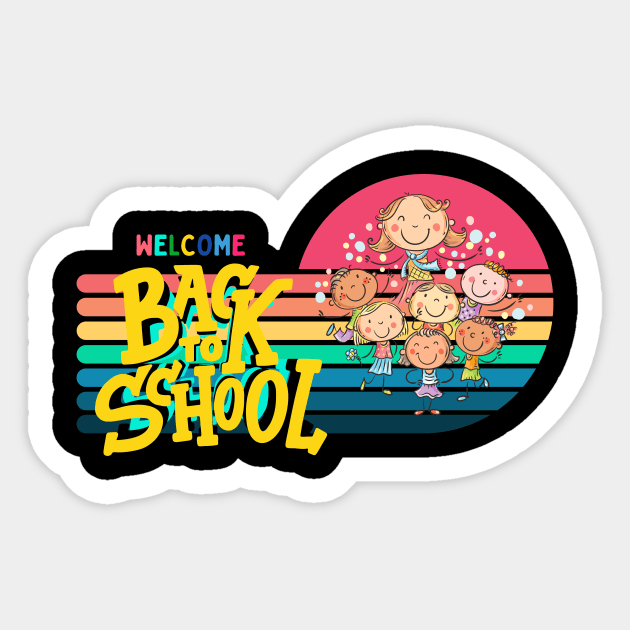 Welcome back to school Sticker by NICHE&NICHE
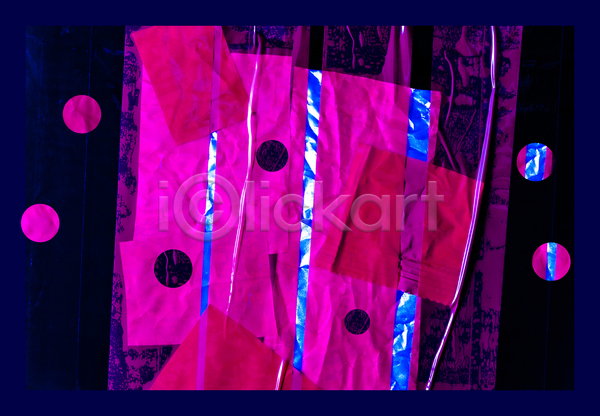 사람없음 JPG 포토 해외이미지 미술 백그라운드 분홍색 원형 종이 추상 컨셉 콜라주 팝아트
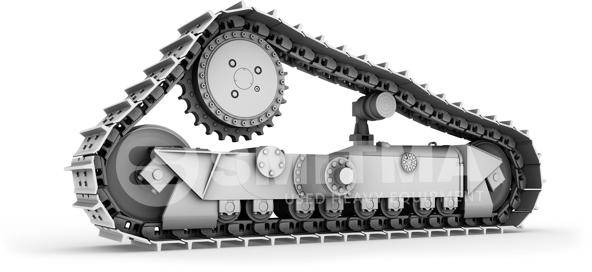Cat D8T - Ramme/ Chassis for Entreprenørmaskin: billede 1 Cat D8T - Ramme/ Chassis for Entreprenørmaskin: billede 1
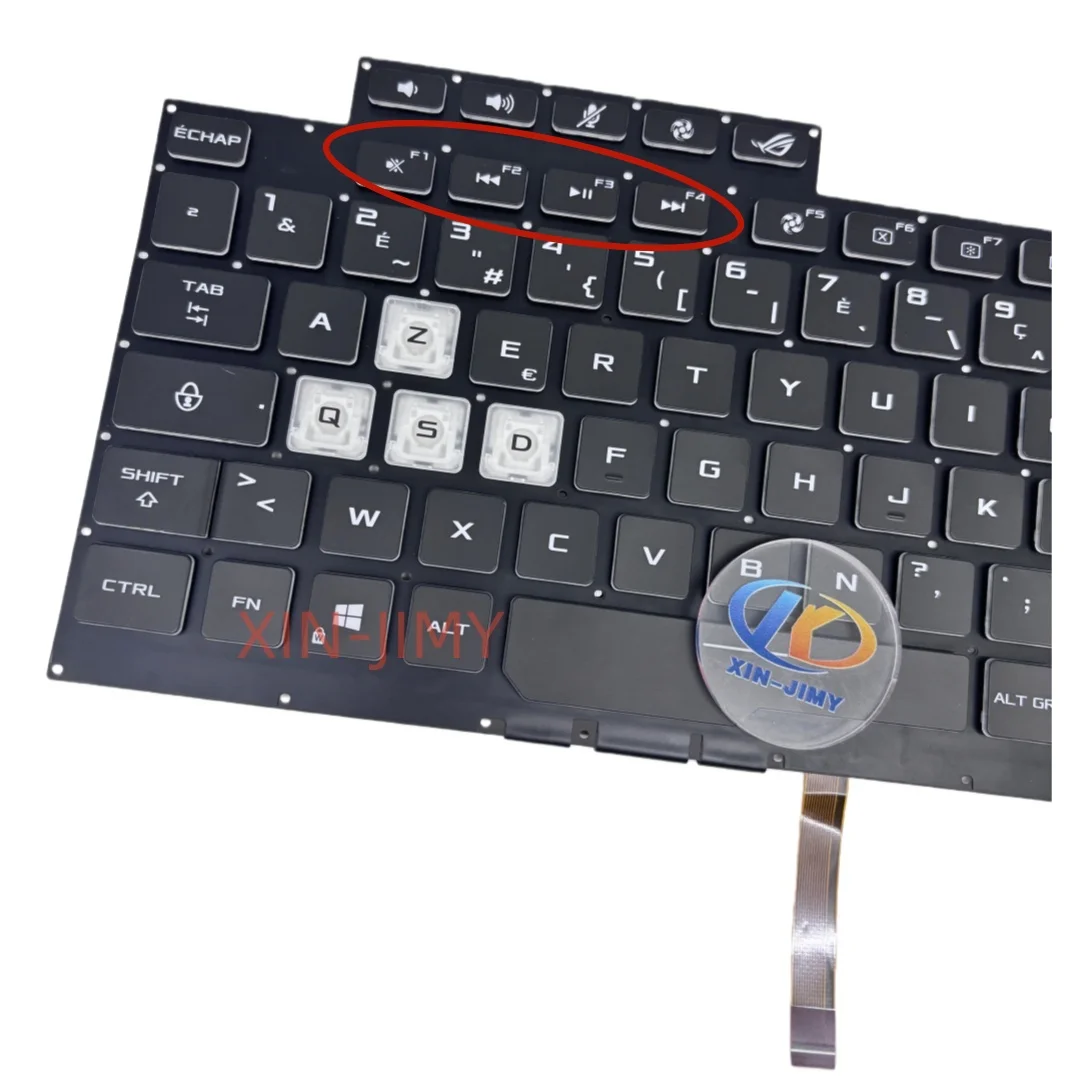 French Azerty 16PIN RGB Backlit Laptop Keyboard For Asus ROG Strix G15 G513RC/G513IC/G513IE/G513IH/G513QC/G513QE G513 Series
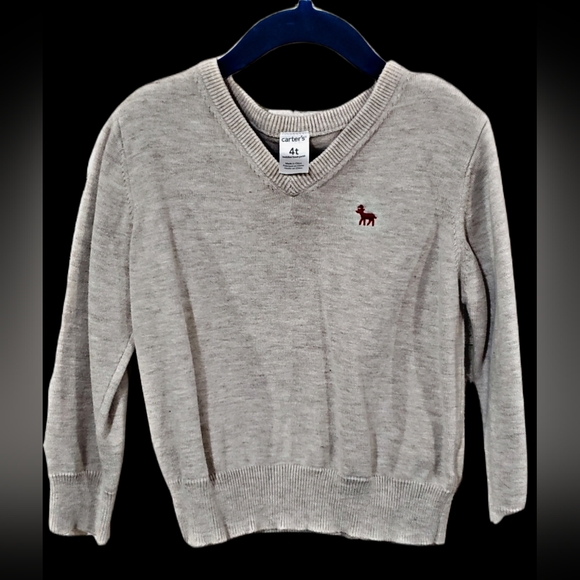 Carter's Cream Colored Size 4T Boy Sweater - Picture 1 of 3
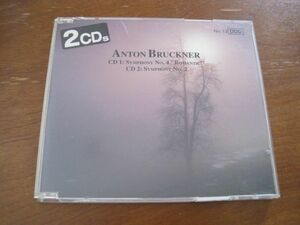 国内2枚組CD ブルックナー Bruckner 交響曲第4番変ホ長調 ロマンティック 交響曲第2番ハ短調 PILZ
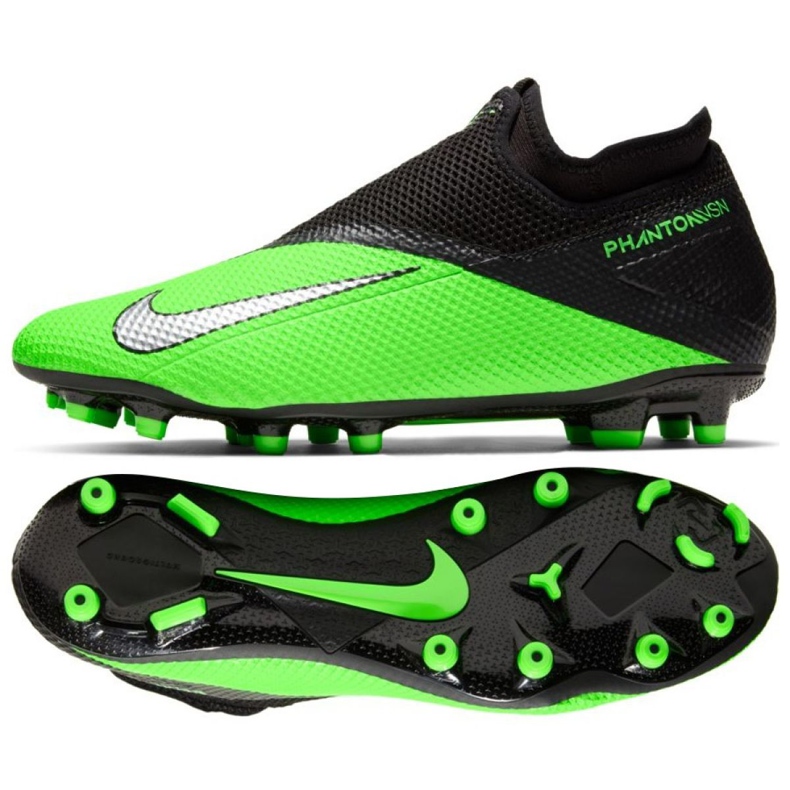 Chuteiras Nike Phantom Vsn 2 Academy Df Fg Mg M CD4156-306 multicolorido verde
################
— Work task —
Set down exactly the lines between the one with "Carter's Cream Colored" and the last line of the material above, both included, but none of the pictures.

— Solution for this task —
 Carter's Cream Colored Size 4T Boy Sweater - Picture 1 of 3
 国内2枚組CD ブルックナー Bruckner 交響曲第4番変ホ長調 ロマンティック 交響曲第2番ハ短調 PILZ
 Chuteiras Nike Phantom Vsn 2 Academy Df Fg Mg M CD4156-306 multicolorido verde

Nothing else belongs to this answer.